Maybe I only have myself to blame because I have no real close friends to go out and spend time with in order to distance my relationship with my parents; I'm just a lonely nerd stuck at home for the summer.
The problem is, her attitude towards me doesn't put me in a good mindset for university which is where I'll need to be independent and have her trust in me in order to feel self-sufficient and confident.
I have only three more months at home and then I'm leaving, but is it right for me to be treated this way? Do I deserve it for being a hermit?
I don't think you should distance yourself. I thought about this too and I can't see how it would help, it's great to have a good relationship with your parents. I think you should take a different approach, similar to one that I'm taking. I don't know how to cook very much so I ask a lot of questions about temperatures and how to know when food is done etc and every so often I ask her to teach me to cook certain food. She'll just give me advice and let me do everything in front of her.
I talked to her about considering getting a student bank account but rather than just asking her what she thinks or what she suggests, I just told her that I will be looking more into it closer to the time and will decide when I've done my research; showing her I can properly look after my own finances. It's these gradual little things that remind her I AM growing up and moving out soon and they really boost my confidence. I'm not as worried any more about how I'll look after myself when I leave.

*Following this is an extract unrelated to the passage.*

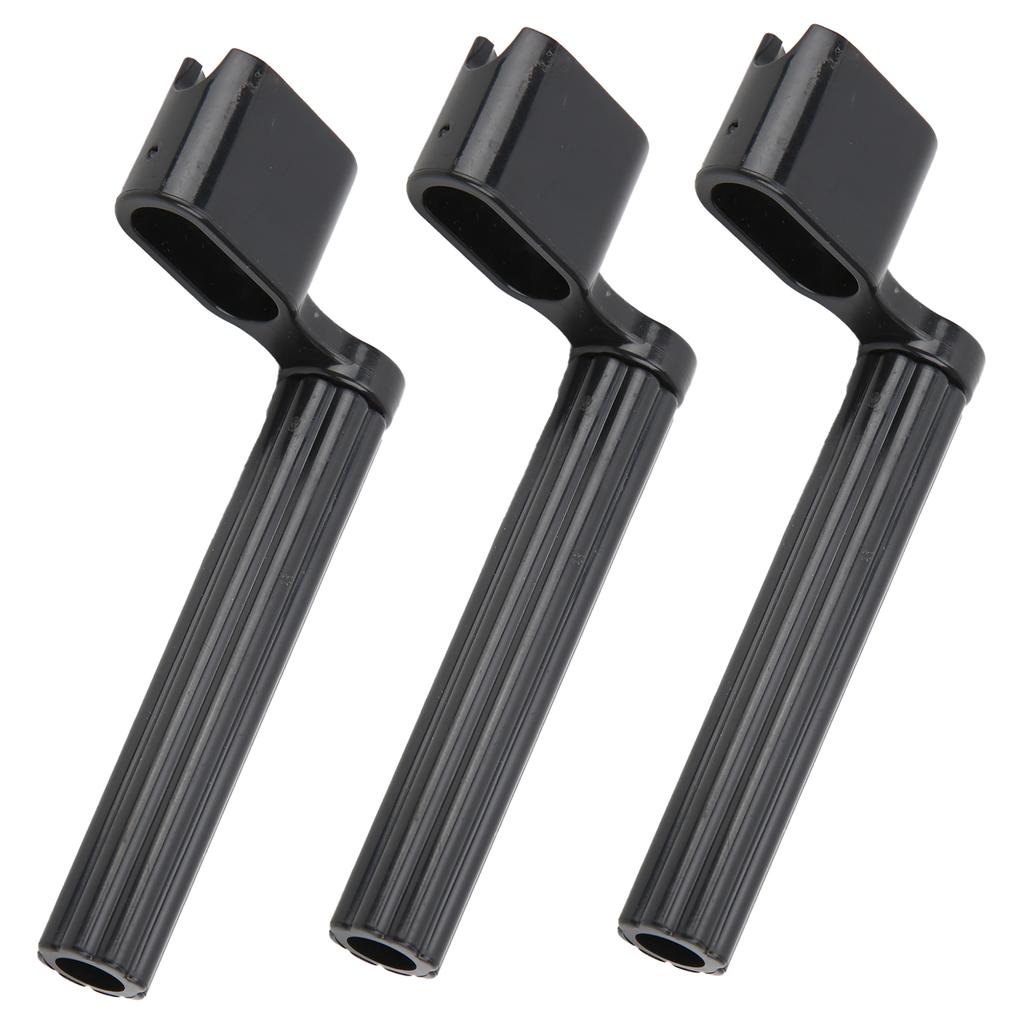 3Pcs Guitar String Winder Pin Peg Puller Tool Accessory Set Kit for Electric Acoustic UkuleleBlack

EDIT: I just remembered that the title is "PATRONISING parent" which tells me that if you do stuff like what I'm doing she might just brush you off and say "oh you don't need to worry about that now" or "I'll do it". If this is the case, you need to be firm with her. Tell her that you DO need to know now, because when will you ever know? Does she want you to live without being able to look after yourself? You don't want to depend on her forever. Today my mum taught me to make scrambled eggs (I knew how but never did it myself) and my dad just said "oh I know how to make those". Well dad, I'm glad you do but I don't and I need to know should I want to make some when I move out.
Last edited by sliceofcake; 10-07-2012 at 18:56.